ReplayEngine 2.0, the reverse debugging add-on to TotalView, now supports debugging applications that make use of the high speed of Infiniband networks, making the power of ReplayEngine available to developers working with large clusters. ReplayEngine supports native transport mechanisms with Mellanox and QLogic Infiniband hardware on MVAPICH 1.2, MVAPICH2 1.5 and 1.6, OpenMPI 1.4.2, and Intel MPI 4.0.

“Now, developers creating complex parallel applications for deployment on high performance clusters have the option of using reverse debugging on these systems,” says Chris Gottbrath, Principal Product Manager at Rogue Wave Software.  “With ReplayEngine developers can allow their program to run until the point of failure, then step backward through the program execution, making hard-to-reproduce bugs easier to find. With this enhancement, we’re making complicated development a little easier.”

GPU technology is evolving rapidly.  And, HPC developers are adopting new versions of the CUDA development environment at the same pace. TotalView 8.9.1 provides developers with the ability to troubleshoot apps using versions 3.1 and 3.2 of the CUDA Toolkit.  This release features support for CUDA function calls on the stack (in addition to inline), host pinned memory regions, and CUDA contexts.  It handles exceptions in CUDA code, displays variables in GPU hardware registers, and has added CLI (command line interface) commands for CUDA functionality.

“CUDA 3.2 provides a number of new enhancements, including the ability to call and return to functions using a stack,” said Sanford Russell, director of CUDA marketing at NVIDIA. “TotalView’s support for these enhancements allows developers to confidently write code using these advanced features to fully leverage the power of GPUs.  This includes accelerating parallel applications running on large scale clusters.”

In addition to CUDA support, TotalView 8.9.1 includes expanded platform support and enhancements to the multi-dimensional array display, parallel backtrace features and TVScript.

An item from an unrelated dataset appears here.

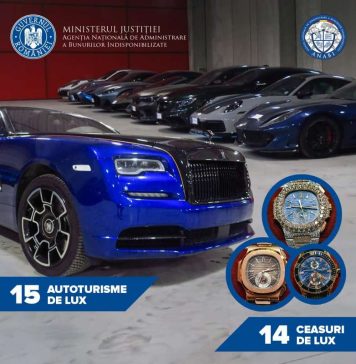 Autovehicule, ceasuri de lux și sume de bani în valoare de 18 milioane lei, confiscate de ANABI de la frații Tate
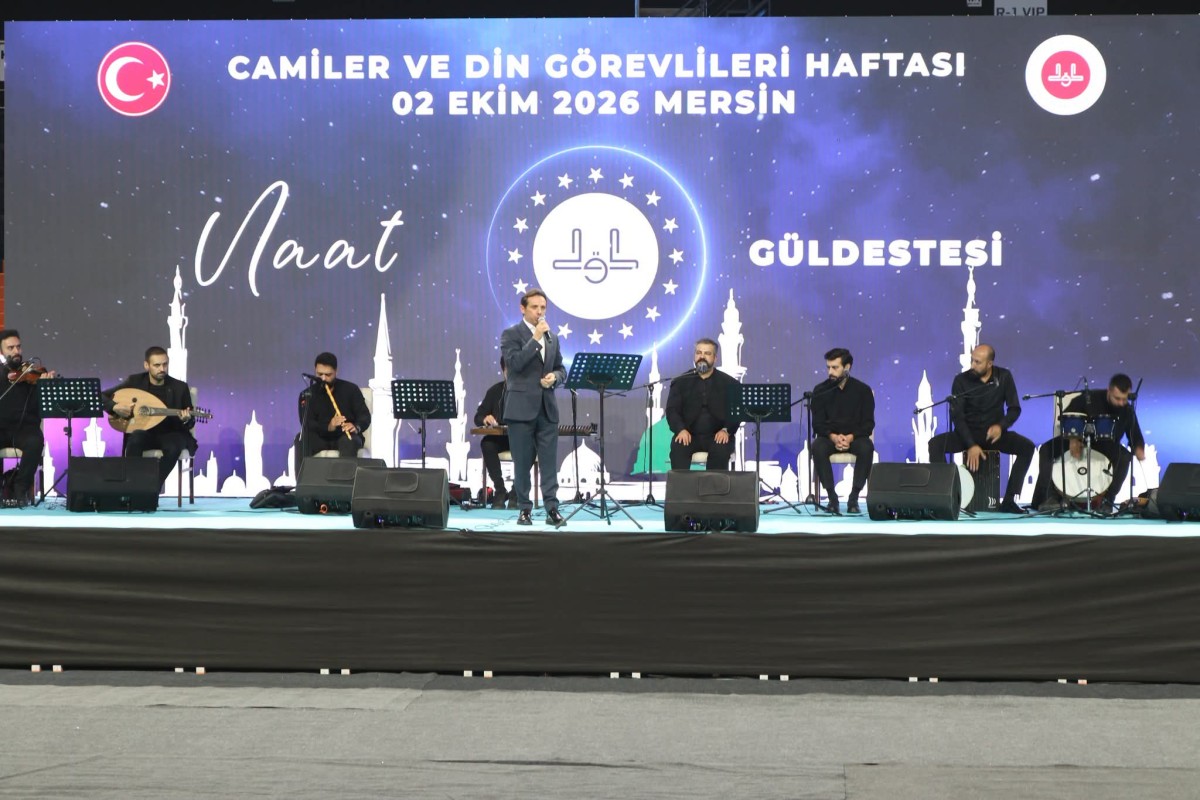 Mersin’de “Naat Güldestesi” Gönülleri Buluşturdu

The Danish Meteorological Institute (DMI) is responsible for providing weather forecasts each and every day. “People are making decisions based on the results of our simulations, so accuracy is absolutely critical. We use TotalView,” says Jacob Weismann Poulsen, a staff scientist at DMI, “both interactively and as a part of our nightly validation process. With TVScript we can validate the code automatically – it allows us to debug via code comments and relieves us from having to rebuild the code again and again.”